At its previous Investor Day talks, the company projected that 5 to 10 per cent of global fab capacity by 2030 will exist because of geopolitics rather than market demand. That is capacity being built not because the market needs the chips, but because governments have decided that strategic resilience requires domestic production. Every one of those geopolitically motivated fabs still needs ASML’s machines. Fragmentation, paradoxically, is good for ASML’s top line, at least until the AI bubble lasts or until the next inevitable trough of the semiconductor business cycle arrives.
The China story first. China’s share of ASML’s system sales fell from 36 per cent in Q4 2025 to 19 per cent in Q1 2026. The Q2 earnings call confirmed that China-related business remains at approximately 20 per cent of total net sales for 2026, though that percentage now applies to a significantly higher revenue base than previously expected. Thus, ASML expects to continue selling the N-1 generation DUV machines to China.
Next, these earnings also indicate China’s progress in alternatives to ASML’s much-in-demand machines. It seems that at the EUV level, China is still far behind. The technology required decades of ecosystem development and cross-border collaboration that cannot be easily replicated under sanctions conditions.
At the DUV level, however, the picture is more nuanced. SMEE, the Shanghai-based equipment maker, has delivered early 28nm ArF immersion DUV systems, reportedly designed to avoid any US-origin intellectual property. But it hasn’t been productised yet. SiCarrier, a Huawei-linked entrant, is testing a domestically manufactured immersion DUV tool at SMIC. These are prototype-stage tools, roughly where ASML was in the early 2010s. Even ASML’s EUV took thirteen years to go from a working prototype to a consumer product.

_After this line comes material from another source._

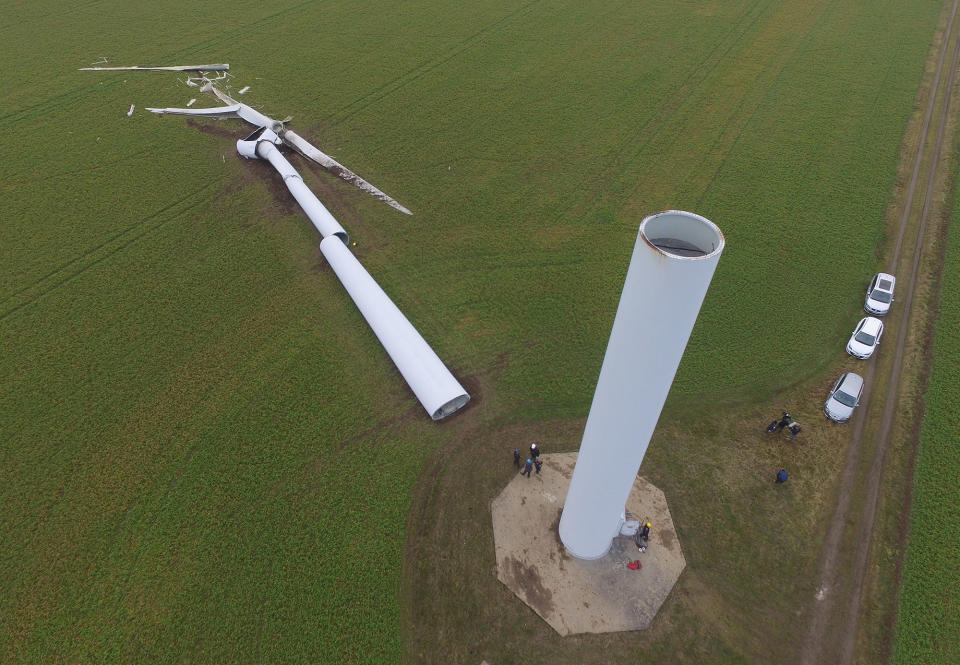 Collapsed wind turbine near Grimmen, Germany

Thus China’s substitution efforts are not production-ready, and they are not close to matching ASML on throughput, yield, or overlay accuracy. But the direction of travel is clear. For ASML’s long-term earnings trajectory, the key determinant is whether Chinese firms have found substitutes or alternatives.

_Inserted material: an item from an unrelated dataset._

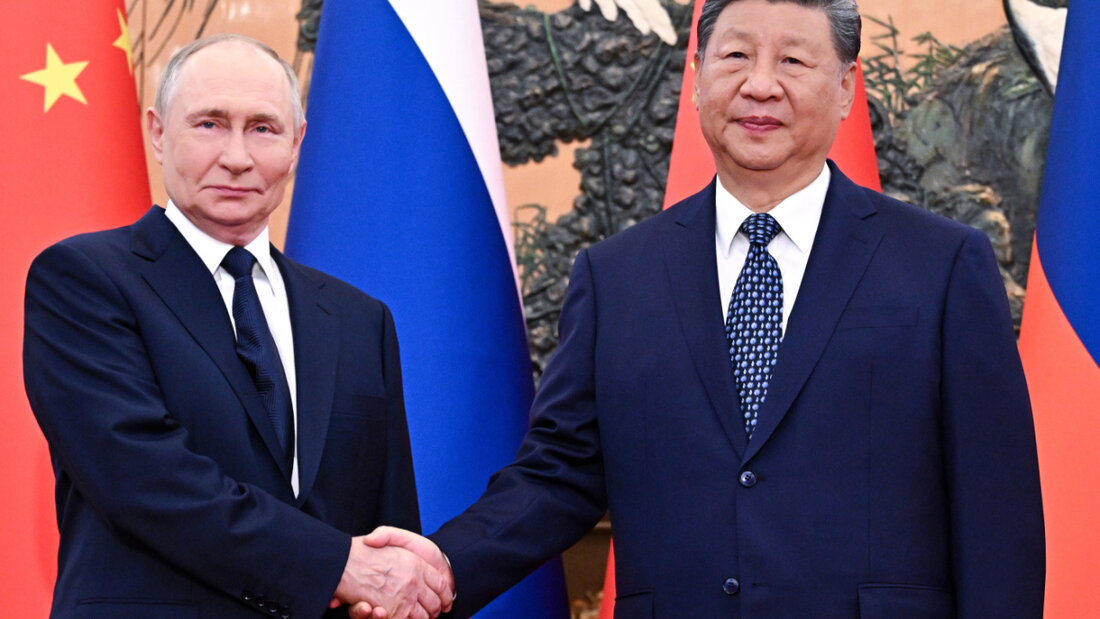 ARCHIV - Der russische Präsident Wladimir Putin (l) und der chinesische Präsident Xi Jinping geben sich vor ihrem Treffen in der Großen Halle des Volkes die Hand. Foto: Sergei Bobylev/Pool Sputnik Kremlin/dpa - ACHTUNG: Nur zur redaktionellen Verwendung und nur mit vollständiger Nennung des vorstehenden Credits 20260515133043207.jpg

The next escalation that could impact ASML is not far away. The MATCH Act, currently making its way through the US Congress, would ban not just new DUV lithography sales to China but also the servicing of existing equipment. The servicing piece matters more than the equipment ban. Chipmaking tools degrade rapidly without constant maintenance. If servicing stops, China’s entire installed base of ASML DUV systems becomes a depreciating asset, regardless of whether Chinese firms can eventually build indigenous alternatives.

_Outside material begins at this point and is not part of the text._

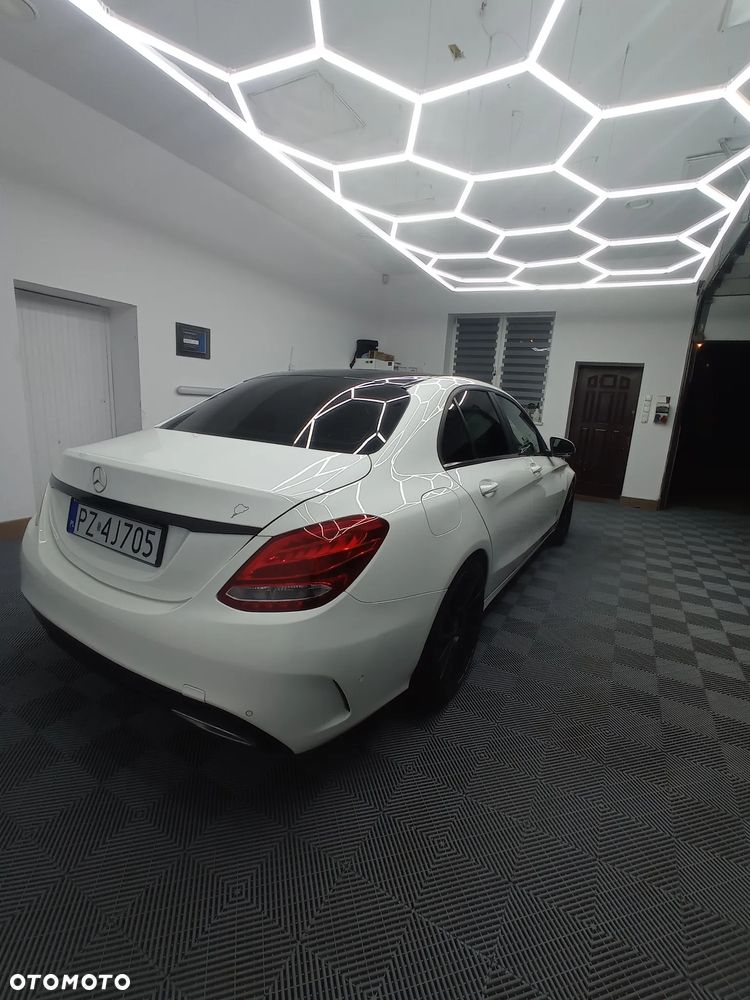 Mercedes-Benz Klasa C 200 CGI BlueEff Classic - 13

This brings us to the Netherlands’ position. ASML accounts for roughly a quarter of the total market capitalisation of the Euronext Amsterdam exchange. Together with Shell, these two companies make up nearly 46 per cent of the exchange. The Dutch government has committed €2.5 billion in public infrastructure through its Beethoven project to keep ASML anchored in Veldhoven.
Asking the Netherlands to aggressively restrict ASML’s China business is comparable to asking Saudi Arabia to leave oil in the ground. The Dutch trade minister has explicitly said that the Netherlands opposes the extraterritoriality of the MATCH Act. And yet, the historical pattern is clear that the Netherlands blocked EUV exports from 2019, restricted DUV exports from January 2024, and will likely comply again when forced. The operative word is “forced” meaning that ASML will follow the letter of US restrictions while creating maximum room to protect its remaining business.